Er kwam – gelukkig, zou je bijna zeggen – veel kritiek op Hansens alarmerende toon. Ook van gerenommeerde collega’s. „Ik heb het grootste respect voor Jim [Hansens] bijdragen aan onze wetenschap, maar ik denk dat hij zich deze keer heeft laten misleiden”, zei klimaatwetenschapper Michael Mann tegen het Amerikaanse weekblad Newsweek. Raymond Pierrehumbert van de universiteit van Oxford, expert op het gebied van geo-engineering, vond dat Hansen met zijn nieuwste onderzoek was „ontspoord”. Beiden schatten in dat het effect van aerosolen wel meevalt.
Toen Hansen in 2013 zei dat aerosolen niet nauwkeurig werden gemeten, had hij niet helemaal gelijk. Het probleem was niet zozeer dat het niet gebeurde, maar dat het niet kon. Een meetinstrument dat begin deze maand op de PACE-satelliet van NASA de ruimte in is gegaan, moet daar verandering in brengen. SPEXone, ontwikkeld door het Nederlands Instituut voor Ruimteonderzoek SRON, Airbus Nederland en TNO, is een soort camera die op ingenieuze wijze diepgaande informatie verzamelt over aerosolen. SPEXone gaat eindelijk „het missende puzzelstukje van de klimaatwetenschap” leveren, zei onderwijsminister Robbert Dijkgraaf (D66).
Heeft Hansen dan voor zijn beurt gesproken? Volgens Bastiaan van Diedenhoven, aardwetenschapper bij SRON en betrokken bij de ontwikkeling van SPEXone, bestaat er inderdaad nog veel onzekerheid over aerosolen. „We weten dat ze de opwarming van de aarde hebben gedempt, maar niet hoeveel”, zegt hij in een telefoongesprek. „We denken dat het op het hoogtepunt van de vervuiling, rond het jaar 2000, om ongeveer een halve graad gaat. Met andere woorden, zonder aerosolen zou de gemiddelde temperatuur op aarde een halve graad hoger zijn geweest. Het zou ook slechts een paar tienden van een graad kunnen zijn, maar ook één graad of zelfs nog iets meer.”
Binnen de foutmarge
Met zijn temperatuurdemping van ongeveer één graad zit Hansen volgens Van Diedenhoven binnen de foutmarge, maar aan de hoge kant. „De onzekerheid is groot, en dus kun je ook niet helemaal uitsluiten dat het ergste scenario een feit is. Niet voor niets pleit Hansen in zijn laatste paper voor meer onderzoek naar aerosolen.”

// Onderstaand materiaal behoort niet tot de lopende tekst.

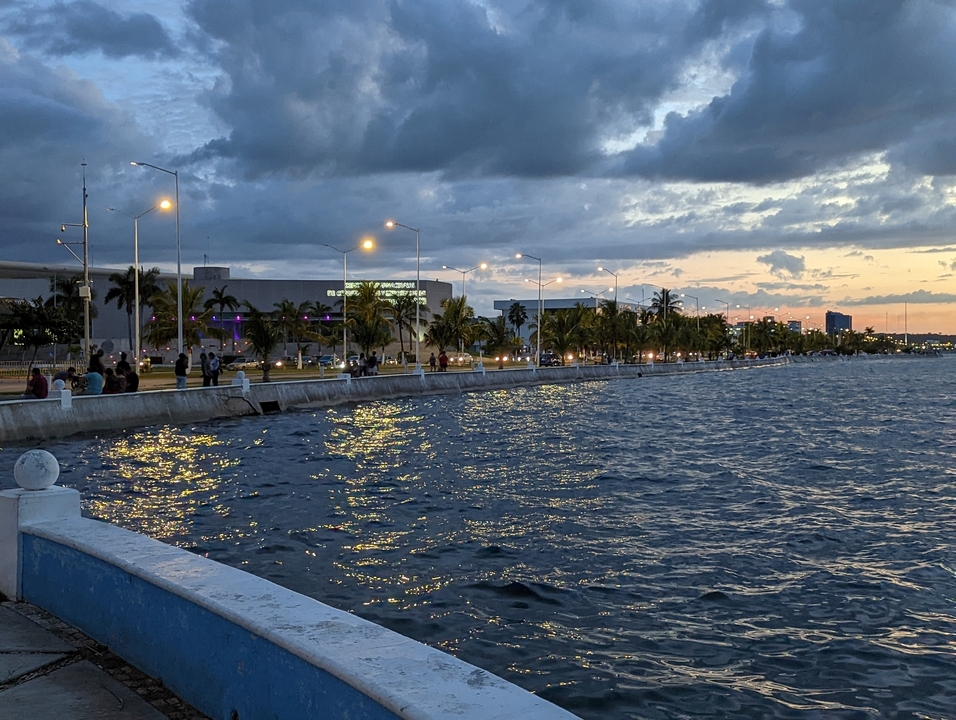 Promenade along the water at sunset with palm trees.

De kritiek op Hansen richt zich volgens Van Diedenhoven vooral op zijn stelligheid. Dat past wel bij de man die beroemd werd met zijn getuigenis in een hoorzitting in de Amerikaanse Senaat in de stikhete zomer van 1988. Terwijl de meeste klimaatwetenschappers destijds alleen voorzichtig spraken over de rol van de mens bij de opwarming, liet Hansen er geen twijfel over bestaan dat de mensheid bezig was het klimaat te veranderen en dat de eerste tekenen daarvan al zichtbaar waren.
Zijn collega Michael Oppenheimer, die zelf in 1988 ook in de Senaat getuigde, was terughoudender. Maar Hansen had het bij het rechte eind, zei Oppenheimer afgelopen november tegen Scientific American: „In de loop der jaren heeft [Hansen] een verdomd goede staat van dienst opgebouwd als het gaat om zijn gelijk over zaken waar anderen anders over dachten.” Dat neemt niet weg, zei Oppenheimer, dat Hansen deze keer uitgaat van de „worst-worst-case”, het slechtste van de slechtste scenario’s.
Het is dan ook te hopen dat de data van SPEXone Hansen ongelijk zullen geven. Want de onzekerheden over aerosolen mogen groot zijn, die over geo-engineering om de gevolgen van klimaatverandering te beperken zijn, ook volgens Van Diedenhoven, nog een stuk groter. Alleen al daarom zit niemand te wachten op het duivelse dilemma dat Hansen schetst.